Unsecure network file folders are 'biggest vulnerability'
In the past year, 38 percent of organisations have experienced one or more information security breaches.
That's according to joint research by M-Files Corporation and The Association for Information and Image Management (AIIM) which teamed up to conduct research that reveals the frequency of information security breaches.
The survey gathered responses from AIIM members in the US, Canada, EMEA and other parts of the world.
Nearly one-third (31 percent) of respondents felt their organisation does not do a good job of protecting confidential and sensitive information. Coincidentally, 36 percent stated that either their organisation doesn't have a formally documented policy about how company information is stored, managed and shared or they didn't know if a policy such as this existed.
Nearly six out of 10 (59 percent) respondents said that their organisation has implemented new information security solutions, systems and/or protocols within the past year.

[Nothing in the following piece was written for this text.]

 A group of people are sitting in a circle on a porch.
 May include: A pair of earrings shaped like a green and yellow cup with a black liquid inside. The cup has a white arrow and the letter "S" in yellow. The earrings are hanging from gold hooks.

While unsecured network file folders are where most respondents felt their organisation is most vulnerable to internal information security breaches, paper files (46 percent) and data exposed by personal file sharing apps (44 percent) were also stated to be weak points.
Nearly two-thirds (62 percent) said their company has created and communicated formal information governance policies to their employees in efforts to mitigate potential information security breaches. Meanwhile, 59 percent have changed security and access rights to sensitive information and 47 percent have acquired technology such as an EIM, ECM or document management system.
Over three-quarters (76 percent) of organisations that have a formally documented policy in place for how company information is stored, managed and shared said their company requires employees to read information management standard operating procedures (SOPs) to ensure they're aware of the policy. Furthermore, 71 percent said that their company uses an ECM, EIM or document management system and 65 percent conduct formal training on management policies and procedures.
AIIM and M-Files are publishing the survey results in a series of articles, starting with Information Security: Checking the Locks.
“Businesses of all sizes must take information security seriously, looking at the whole organisation – people, process, governance, and technology – in order to better address their security and access control requirements,” said Bob Larrivee, VP and chief analyst at AIIM Market Research.
“It is also important that the user community know and understand the importance of security, governance policies, and the role technology plays. Additionally, the technology must align with the security requirements of the organisation, while at the same time providing an effective and intuitive way for users to access their information quickly and efficiently,” he said.